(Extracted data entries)
=== Section Start ===

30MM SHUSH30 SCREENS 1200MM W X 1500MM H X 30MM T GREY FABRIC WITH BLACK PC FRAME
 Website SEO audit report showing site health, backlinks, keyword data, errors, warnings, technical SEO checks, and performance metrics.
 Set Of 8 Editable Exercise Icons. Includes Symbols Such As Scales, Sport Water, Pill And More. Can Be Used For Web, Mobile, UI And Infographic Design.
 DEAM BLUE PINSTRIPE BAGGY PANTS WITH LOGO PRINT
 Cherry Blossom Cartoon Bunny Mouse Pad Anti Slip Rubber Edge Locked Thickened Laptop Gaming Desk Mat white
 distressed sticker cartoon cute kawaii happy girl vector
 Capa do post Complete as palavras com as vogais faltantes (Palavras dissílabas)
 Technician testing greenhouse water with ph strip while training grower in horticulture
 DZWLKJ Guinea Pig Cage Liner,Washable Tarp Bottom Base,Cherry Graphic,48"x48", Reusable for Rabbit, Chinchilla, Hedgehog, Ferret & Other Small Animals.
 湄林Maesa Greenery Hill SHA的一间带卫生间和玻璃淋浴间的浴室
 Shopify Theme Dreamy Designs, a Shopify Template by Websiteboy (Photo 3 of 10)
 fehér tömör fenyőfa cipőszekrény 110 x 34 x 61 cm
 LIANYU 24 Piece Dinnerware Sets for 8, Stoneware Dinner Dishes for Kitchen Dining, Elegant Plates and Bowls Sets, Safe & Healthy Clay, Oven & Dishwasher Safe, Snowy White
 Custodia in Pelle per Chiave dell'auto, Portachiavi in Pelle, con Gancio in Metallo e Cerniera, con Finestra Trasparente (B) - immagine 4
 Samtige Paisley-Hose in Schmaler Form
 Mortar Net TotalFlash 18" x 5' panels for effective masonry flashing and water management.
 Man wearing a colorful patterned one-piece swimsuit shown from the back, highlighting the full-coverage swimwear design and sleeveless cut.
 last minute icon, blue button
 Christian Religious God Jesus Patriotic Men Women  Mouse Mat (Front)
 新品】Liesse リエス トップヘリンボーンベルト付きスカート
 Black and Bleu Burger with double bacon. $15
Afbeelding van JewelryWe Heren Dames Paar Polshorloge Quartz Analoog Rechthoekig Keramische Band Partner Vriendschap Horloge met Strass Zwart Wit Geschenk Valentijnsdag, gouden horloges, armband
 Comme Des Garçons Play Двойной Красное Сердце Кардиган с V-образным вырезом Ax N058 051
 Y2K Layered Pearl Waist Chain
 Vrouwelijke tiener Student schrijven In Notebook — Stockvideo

=== Section End ===

→ WHAT YOU ARE ASKED TO DO
Beginning at the line where "Shopify Theme Dreamy" appears, extract each line through the end of the data above; keep them exact and include nothing else.

→ TASK RESULT
 Shopify Theme Dreamy Designs, a Shopify Template by Websiteboy (Photo 3 of 10)
 fehér tömör fenyőfa cipőszekrény 110 x 34 x 61 cm
 LIANYU 24 Piece Dinnerware Sets for 8, Stoneware Dinner Dishes for Kitchen Dining, Elegant Plates and Bowls Sets, Safe & Healthy Clay, Oven & Dishwasher Safe, Snowy White
 Custodia in Pelle per Chiave dell'auto, Portachiavi in Pelle, con Gancio in Metallo e Cerniera, con Finestra Trasparente (B) - immagine 4
 Samtige Paisley-Hose in Schmaler Form
 Mortar Net TotalFlash 18" x 5' panels for effective masonry flashing and water management.
 Man wearing a colorful patterned one-piece swimsuit shown from the back, highlighting the full-coverage swimwear design and sleeveless cut.
 last minute icon, blue button
 Christian Religious God Jesus Patriotic Men Women  Mouse Mat (Front)
 新品】Liesse リエス トップヘリンボーンベルト付きスカート
 Black and Bleu Burger with double bacon. $15
Afbeelding van JewelryWe Heren Dames Paar Polshorloge Quartz Analoog Rechthoekig Keramische Band Partner Vriendschap Horloge met Strass Zwart Wit Geschenk Valentijnsdag, gouden horloges, armband
 Comme Des Garçons Play Двойной Красное Сердце Кардиган с V-образным вырезом Ax N058 051
 Y2K Layered Pearl Waist Chain
 Vrouwelijke tiener Student schrijven In Notebook — Stockvideo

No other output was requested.